I live on my own... with a bonus three roommates! I figured if splitting the rent two ways saves money, why not go for four? In spite of having a house jam-packed with people, I've somehow wound up with a whole floor to myself. So, if I invite you to see my basement, don't freak out: that's where I keep all the cool shit.
I tend toward the philosophy "If it's worth doing, it's worth overdoing." If I'm writing a blog post or doing a research paper, I'm probably not eating or doing anything else until it's done. If I'm in the mood to watch cats on YouTube, then I'm'a watch every fucking cat jump into every fucking box that site has.
I try to enjoy art, but I feel like I'm missing that part of my brain. I get that creative human expression is important... but when I see The Scream I don't think or feel anything other than "There's a dude.

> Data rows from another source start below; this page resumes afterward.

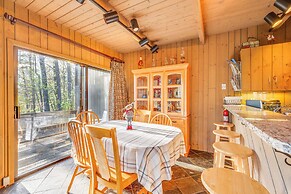 Half Mile to Ski Slopes: Conway Condo w/ Hot Tub!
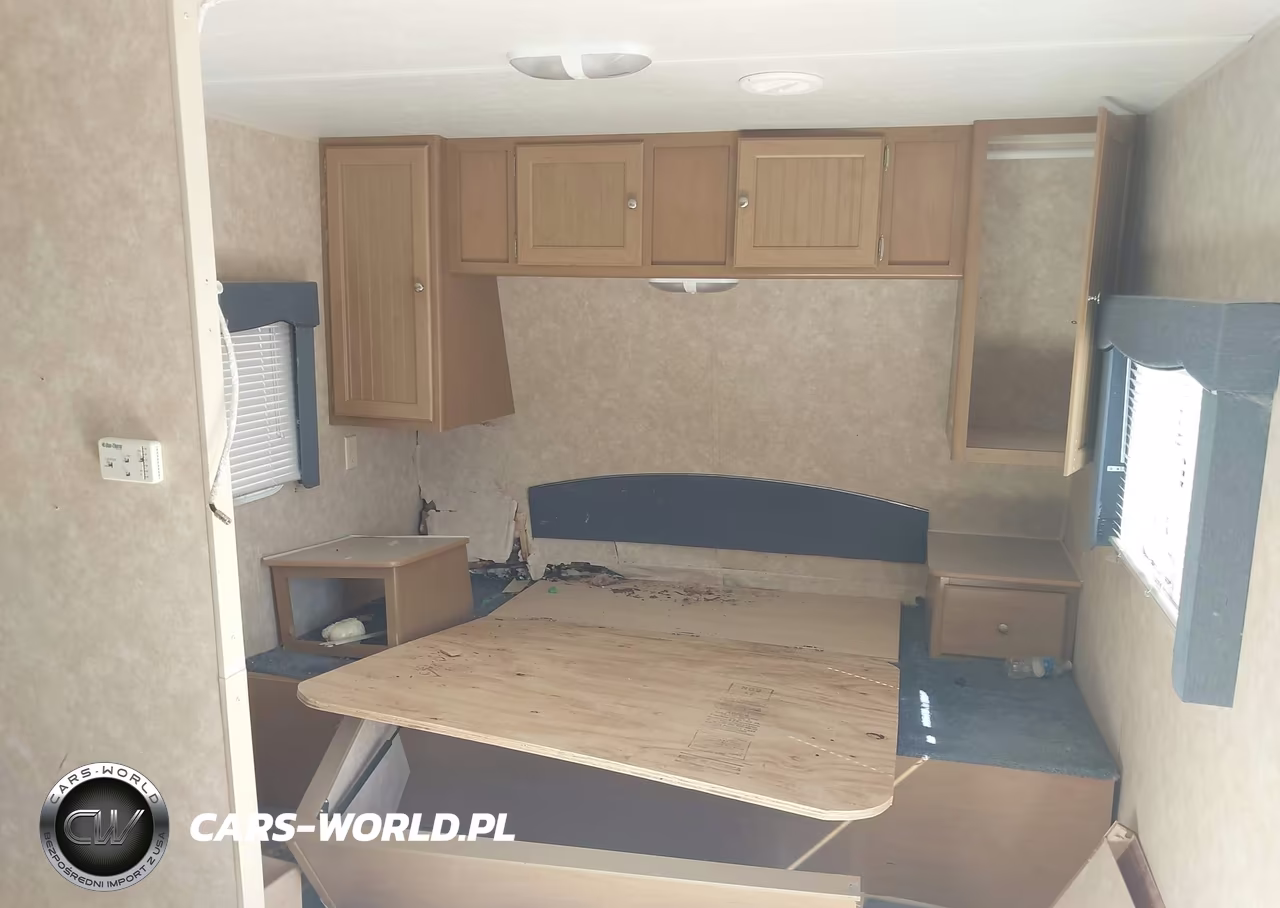 2004 Four Winds Other VIN:47CTDTN204M418746 - 5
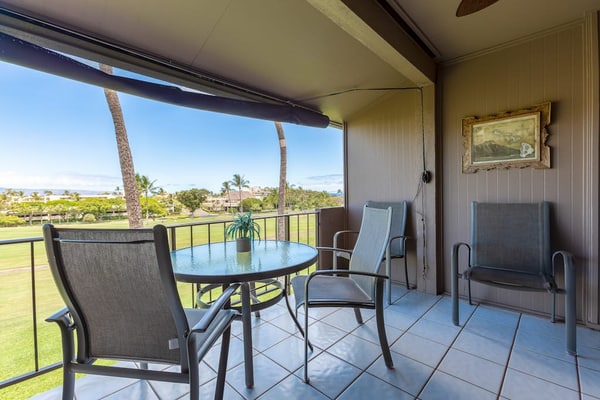 Sparkling Studio with Golf Course & Ocean Views plus Resort Pool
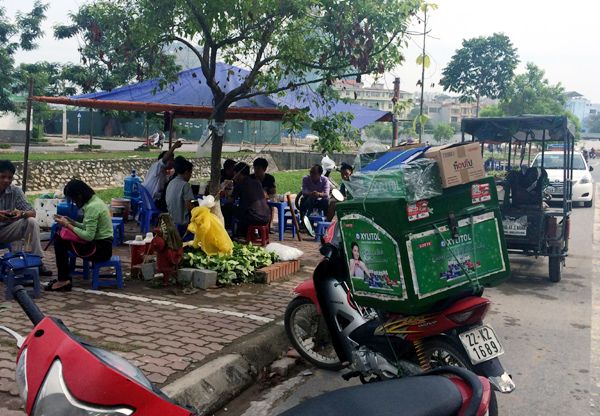 Trà đá vỉa hè  Con cưng của tập đoàn Mỹ, Hàn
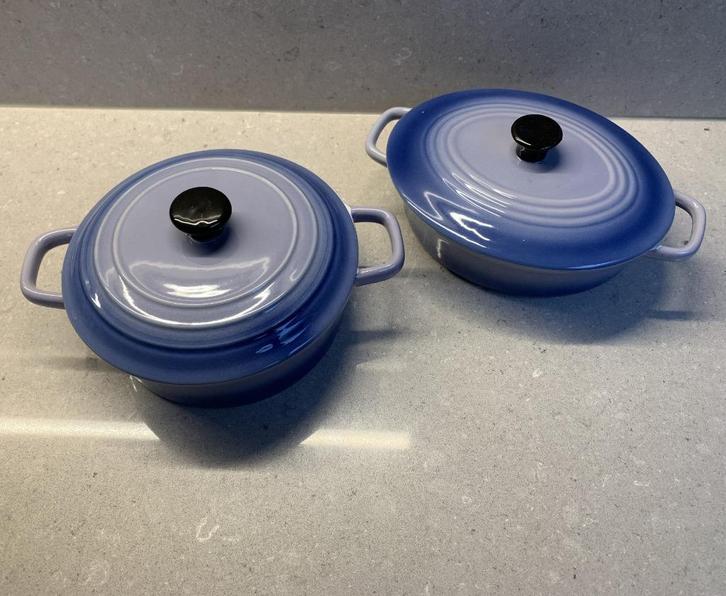 2 vuurvaste potjes 15,5 cm en 20,5 cm, Huis en Inrichting, Keuken | Servies, Zo goed als nieuw, Overige typen, Overige stijlen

He's screaming." Maybe you can show me the error of my ways?
"Philadelphian," for me, is as fundamental to my identity as "geek" or "heterosexual." I don't want a house with vinyl siding and a perfectly-manicured lawn surrounded by a white picket fence in a cul-de-sac: I actually prefer to interact with other human beings.
I'm on here because I'm looking to expand beyond the sausage fest that is my group of friends. There's nothing like shooting the shit with your buddies, but I need a dose of estrogen in my life or I'm going to start thinking Fast and Furious is quality cinema. On a related note: bonus points if you can hang with a bunch of foul-mouthed, flannel-wearing, beard-loving dudes.